Silvio Vecchi, administrator of the reserve funds for pensions and social security at the European Patent Office in Munich, said the fund had switched switch from external to internal management of its fund to give it better control.
“External managers have to cope with inflows and outflows of money which are independent of the inflows and outflows of your fund. This can force an external manager to take decisions which are not always in the same direction as the intent of the fund.”
“Internal management gives us more choice. It is also less expensive than external management.”
Inigo Colombo, manager at the Grupo Telefonica pension funds in Madrid, said internal management was preferable because pensions funds act on a long-term basis. He said that asset mangers tended to have a much higher turnover in their portfolios than the pension funds. This increased costs and “pension fund managers tend to be obsessed with costs”.
Christian Cuenod, fund administrator of the CERN pension fund in Geneva, said that 50% of the fund was managed internally. “It is a question of what you feel comfortable with. One important aspect is a close understanding of a trustee’s intentions.”
Paolo Tosi, manager of Inarcassa, the pension fund for Italy’s self-employed engineers and architects said that internal managers were best suited to manage the core investments such as European equities and bonds.
“The internal management of long term investments is around the strategic and tactical asset allocation.

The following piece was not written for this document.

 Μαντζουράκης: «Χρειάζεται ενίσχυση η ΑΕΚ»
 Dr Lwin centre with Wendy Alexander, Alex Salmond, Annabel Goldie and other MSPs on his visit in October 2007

We are the only ones who personally know our liabilities. We are the only ones who know the needs of our associates, so we can balance and re-balance the asset allocation for the medium term.”
He said the business of external managers was to manage asset classes that were beyond the expertise of the internal managers. “We use external manager to manage some important classes of assets, like alternative investments, because we do strongly believe in the specialisation of certain sectors of the market,” he said.